Runtimes for Custom Devices#

Note

This documentation is intended for those implementing the own device backend for PPE training framework. Most users can just skip this chapter.

The ppe.runtime.BaseRuntime API is in charge of abstracting the device details and performing the movement of data and modules to the corresponding device.

A runtime is an object that defines multiple callbacks used through the training, evaluation, and regular model calls. With runtimes, we can implement training in devices other than cpus or gpus with minimal changes to the user code.

Users wanting to override only a few callbacks can inherit from ppe.runtime.PyTorchRuntime which implements the basic functionality for cpu and gpu devices.

Runtimes must be registered by calling the ppe.runtime.runtime_registry.register(device_name, runtime_class) function for them to be discoverable.

Use of ppe.to to transfer modules and batches to custom devices#

If you have defined a new runtime for a custom device the ppe.to function allows moving a module or a tensor to the new device by invoking the Runtime.move_tensor and Runtime.move_module when needed.

The module will be tagged by adding a attribute named _ppe_runtime that holds the needed runtime. It is the responsibility of the user custom runtime to perform the actual movement to the device and apply all the transformations needed to a module so it can be correctly executed.

Usually, runtime writers will need to replace the given module forward function by a new one that performs the actual device execution.

class MyModule(torch.nn.Module):
    def __init__(self):
        super().__init__()
        self.layer = torch.nn.Linear(10, 10)

    def forward(x):
        return self.layer(x)

class MyMagicDeviceRuntime(ppe.runtime.BaseRuntime):
    def _device_forward(self, args):
        return run_batch_in_my_device(args):

    def move_module(self, module):
        # Registers a hook to initialize the module on the first batch
        # execution
        def hook(module, *args):
            module._ppe_runtime.initialize_module(module, args)

        self.hook = module.register_forward_pre_hook(hook)
        # Change the module forward to do the computation in the device
        module.forward = self._device_forward

    def initialize_module(self, module, loader_or_batch, optimizer=None):
        create_the_module_in_my_device(module, loader_or_batch, optimizer)

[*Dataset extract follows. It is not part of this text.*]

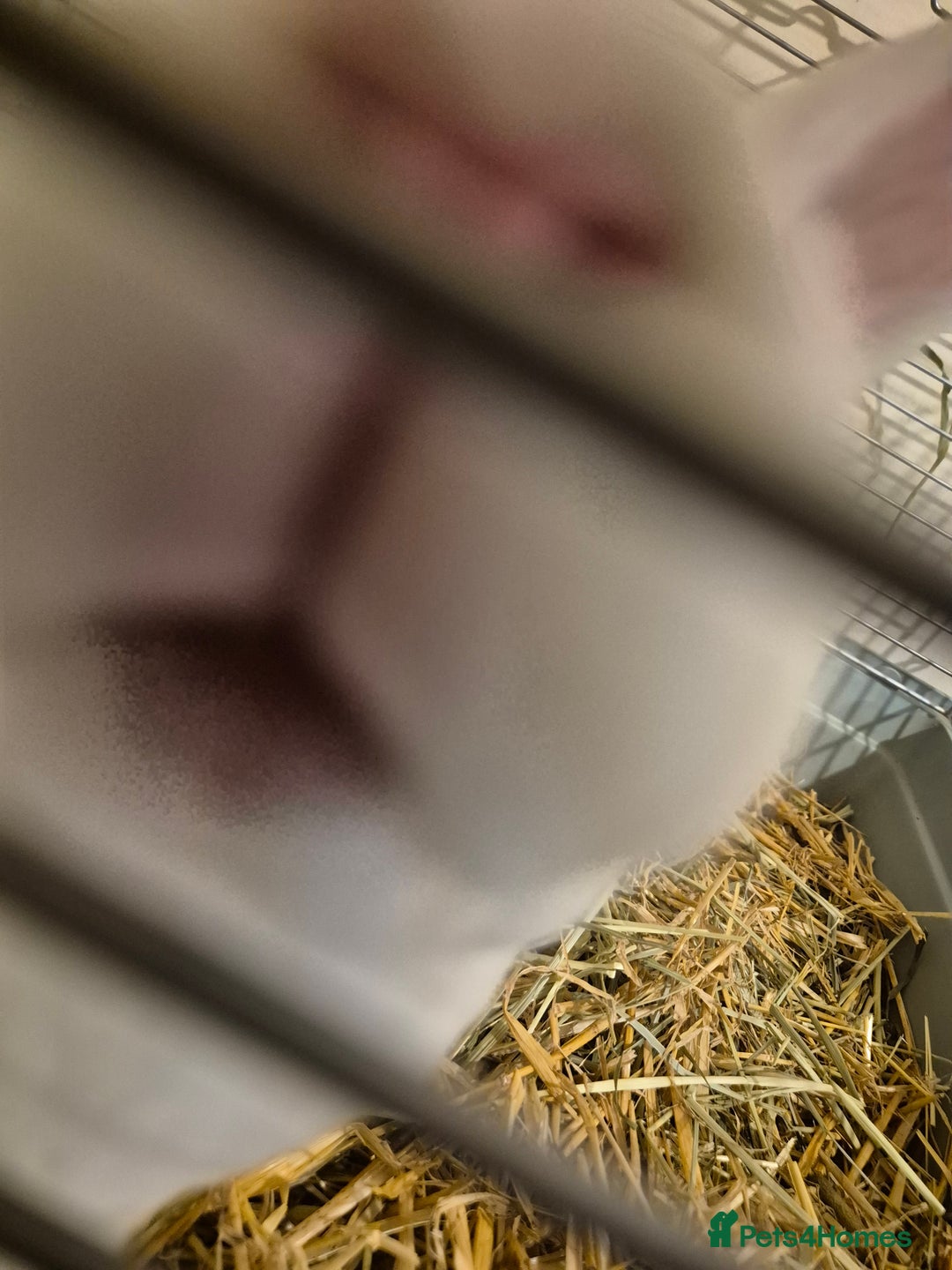 Rex rabbits for sale: Standard Rex Buck - REW. - Image 8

# Register the runtime class
ppe.runtime.runtime_registry.register('my_device', MyMagicDeviceRuntime)

# Create a regular module
module = MyModule()
# Move the module to the device
ppe.to(module, device='my_device')

for x in my_dataloader:
    # The first iteration will create the module in the device
    # and the next ones will directly execute the module in the device instead
    # of executing the regular pytorch `forward` call.
    y = model(x)

Please note that this is an oversimplified description and that developing a runtime that is 100% compatible with PyTorch requires to wrap the substitute forward function with torch.autograd.Function among several other concerns such as state_dict manipulation to ensure correcteness.

Runtime Registry#

When creating a new Runtime class for custom needs, they need to be registered in a global runtime_registry object as detailed above. This object is of the _RuntimeRegistry type and it maintains a map of strings and Runtime types. The keys are the devices passed to ppe.to and the types will be the type of the Runtime object that ppe.to will use to treat the module or tensor. Beware that users are not supposed to interact directly with this class, only with the runtime_registry.register to register new runtimes.